Como si un juego de “construye tu propia aventura” los partidos políticos nos venden todos los días, en una campaña electoral de acoso y derribo constante, visiones de un mismo país que entre sí no tienen nada en común. El país se levanta en el progreso o en la más horrible de las distopías en función del día de la semana. Las victorias en el Congreso parecen sacadas de epopeyas clásicas y el rival, cuanto más villano parezca, mejor para una buena historia. Desgraciadamente yo todo eso prefiero que me lo cuente Stanley Kubrick.
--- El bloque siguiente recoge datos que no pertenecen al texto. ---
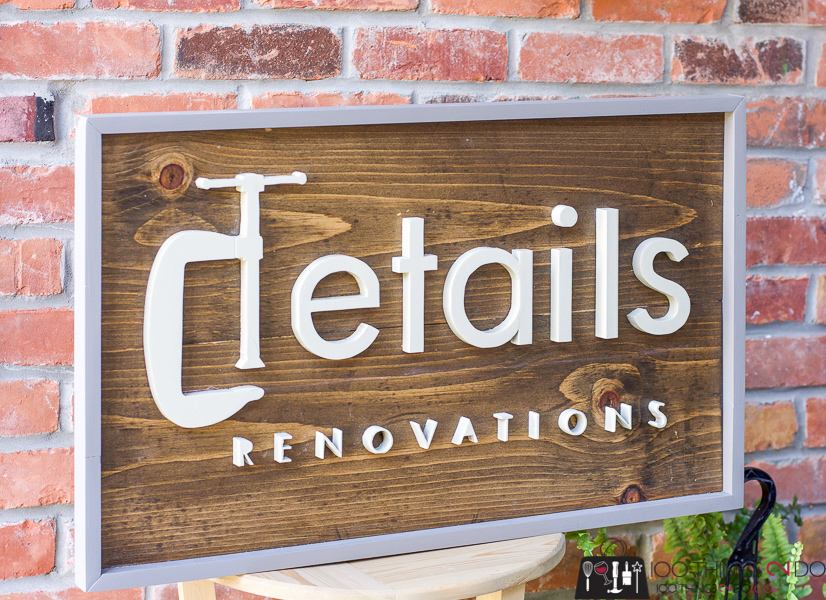 Scroll saw sign, business logo sign, wood sign made with scroll saw, details renovations, company logo sign, business logo sign
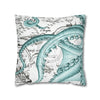 Octopus Teal Vintage Map Ink Art Spun Polyester Square Pillow Case Home Decor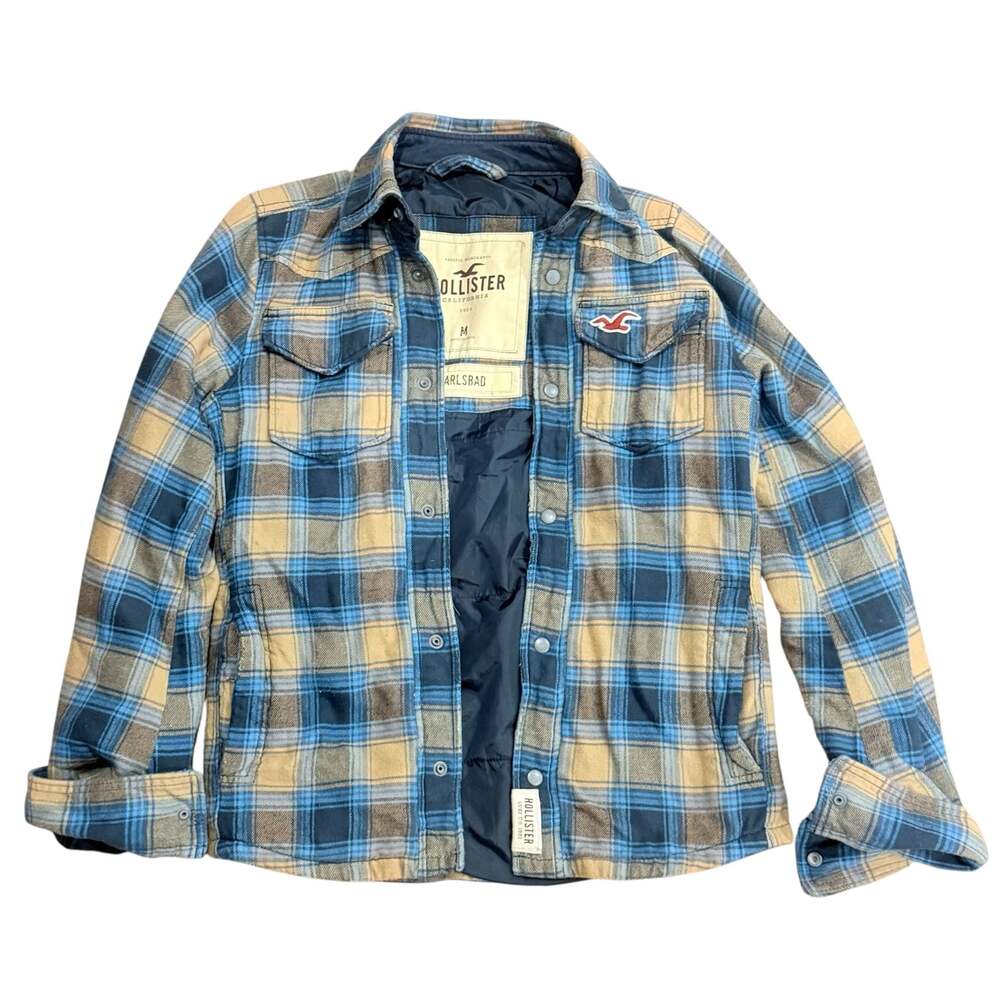 Hollister Carlsbad Quilted Lined Plaid Flannel Snap Button Jacket - Picture 1 of 7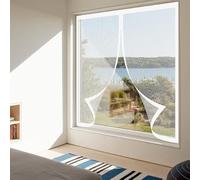 Mosquitera Magnética para Ventanas 75 x 165 cm Protección Contra Mosquitos y Moscas Mosquitera Ventanas Adhesiva Fácil de Limpiar Adecuada para Decoración Del Hogar, Blanco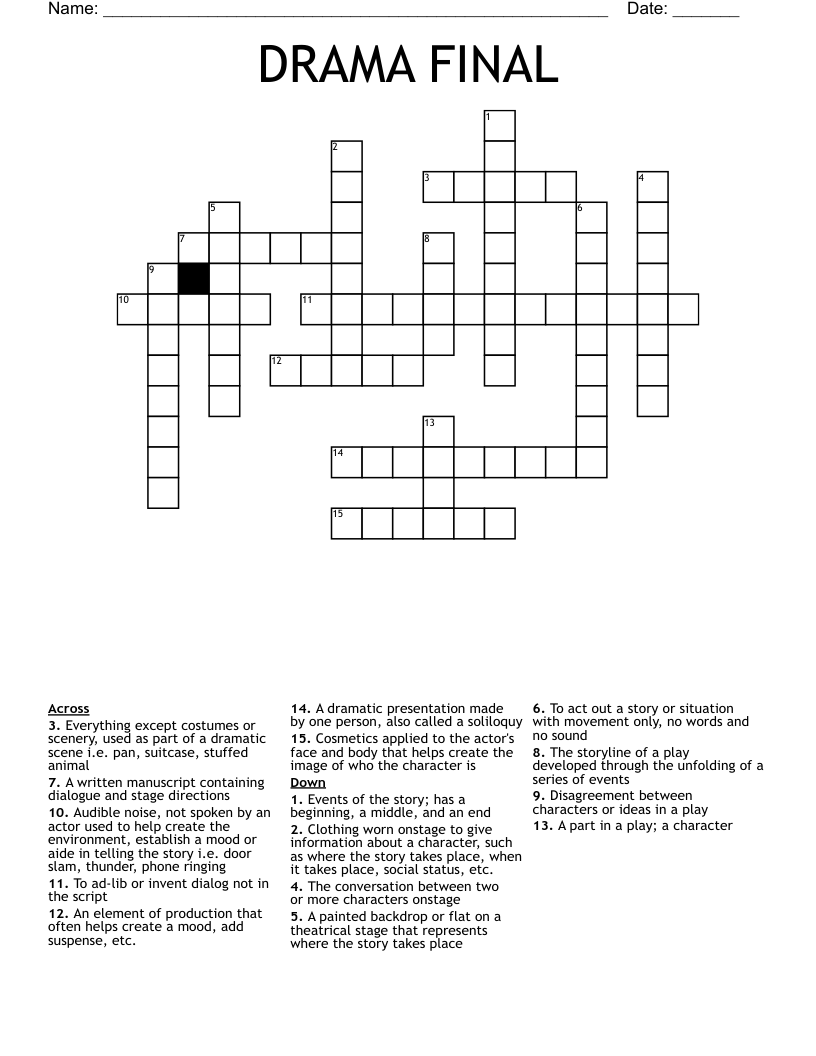 DRAMA FINAL Crossword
Hay estudios que concluyen que las opiniones en épocas de cambio e incertidumbre se basan más en emociones que en factores racionales. De forma inteligente los partidos han prestado atención y ahora toman sus decisiones en base a satisfacer dichas emociones, con grandes resultados para aquellos que mejor saben vender los términos más sentimentales, por muchas leyes y principios democráticos que puedan retorcer. Siempre al gusto del espectador.
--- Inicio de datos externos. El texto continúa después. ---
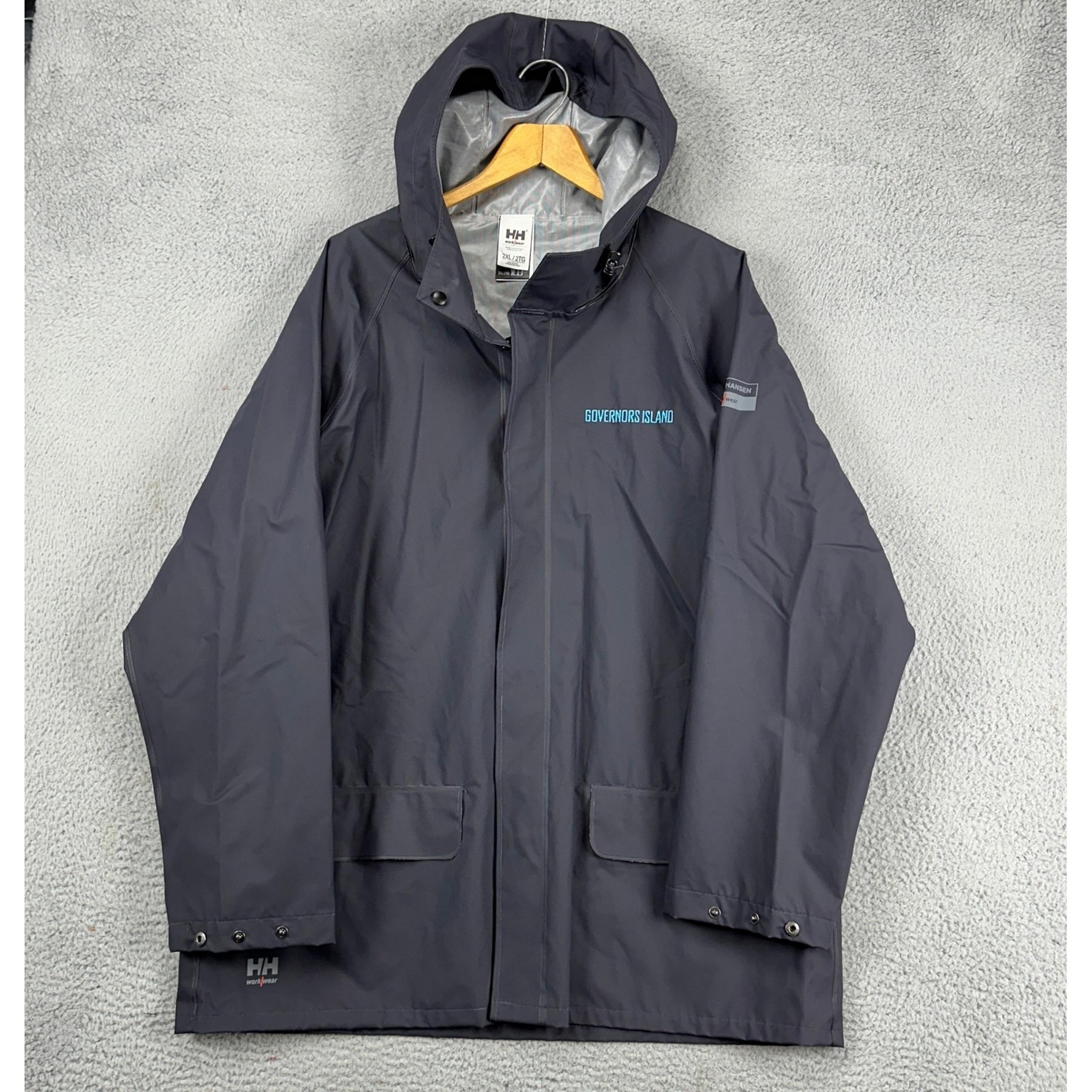Helly Hansen Men Raincoat Jacket 2XL Blue Full Zip Hooded Waterproof Workwear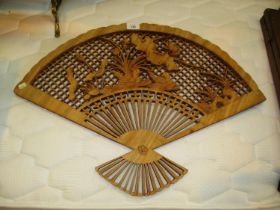 Oriental Carved Wood Fan Plaque, 64x49cm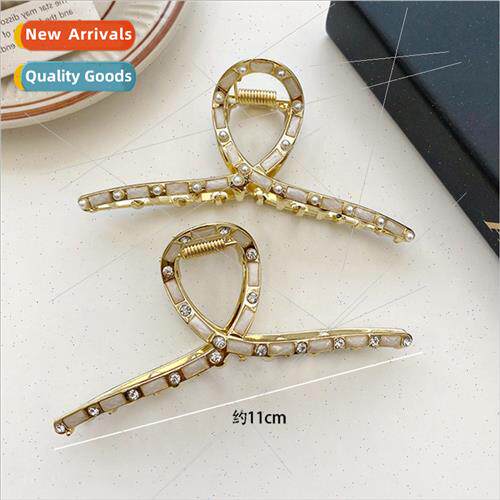 Korean hair claw metal grab clip cross fashion rhinestone ha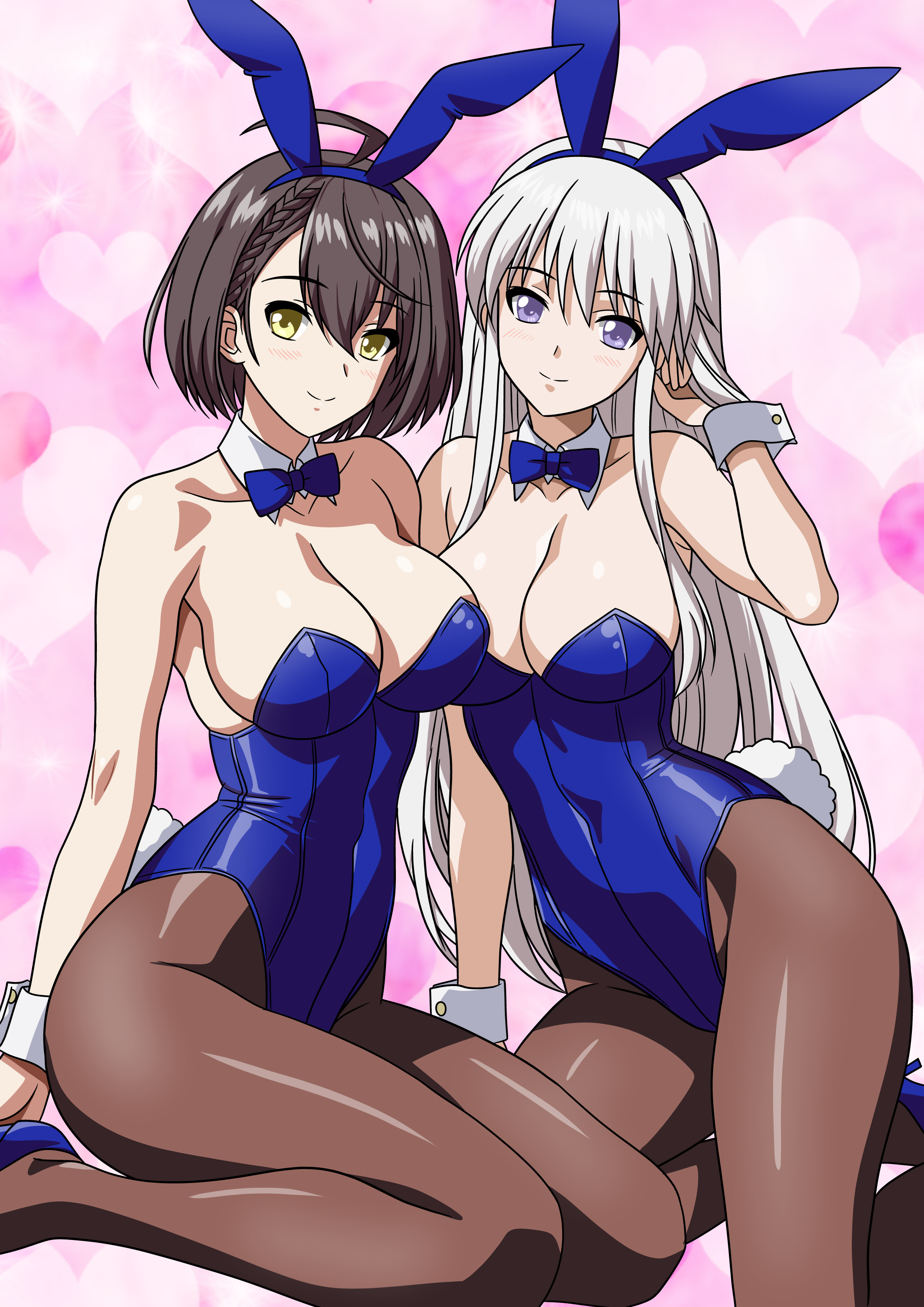 yuuyuu (3jjbn), baltimore (azur lane), enterprise (azur lane), azur lane, absurdres, highres, 2girls, ahoge, animal ear hairband, animal ears, black hair, blue bow, blue bowtie, blue eyes, blue leotard, bow, bowtie, breasts, brown eyes, brown pantyhose, bunny day, cleavage, detached collar, fake animal ears, hairband, heart, heart background, kneeling, large breasts, leotard, multiple girls, pantyhose, pink background, playboy bunny, rabbit ears, rabbit tail, sitting, smile, strapless, strapless leotard, tail, wariza, white hair, wrist cuffs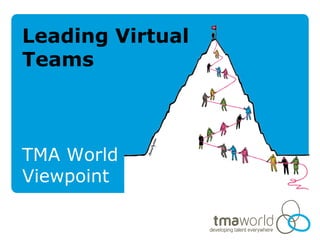 Leading Virtual
Teams



TMA World
Viewpoint
 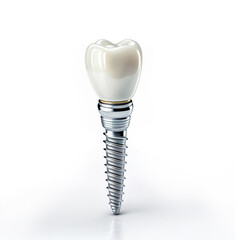 3d render illustration of a single tooth on top of a metal screw on white background. Concept of root canal crown cap dental procedure - obrazy, fototapety, plakaty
Sin embargo, estas decisiones han sido a lo largo de la historia el punto de partida de problemas mayores. No consigo oír entre los gritos unas voces capaces de cimentar algo que perdure. Las leyes que hoy en día se tramitan en nuestras Cámaras parecen más “política” que “ley”, y cuando eso ocurre tenemos leyes tan cortas como ineficaces. Lo que ahora pueda construirse tiene en la acera de frente un cartel firmado por la oposición en el que se lee: “tranquilos, nosotros lo tiraremos abajo”.
Al final, toda esta situación provoca en mí un pesimismo que sé que sufren muchos jóvenes como yo. Sin ninguna certeza de cómo será el mundo que se nos viene encima, da la sensación de que los retos a los que nos enfrentamos como sociedad son mayores que aquellos que podemos llegar a superar. No estoy solo, pues la sociedad española es la sexta del mundo y la tercera de Europa más pesimista, por detrás de Líbano, Hong Kong, Italia, Bosnia y Tailandia. Es la conclusión de la encuesta anual que realiza la red internacional de investigación de mercado Gallup International[1].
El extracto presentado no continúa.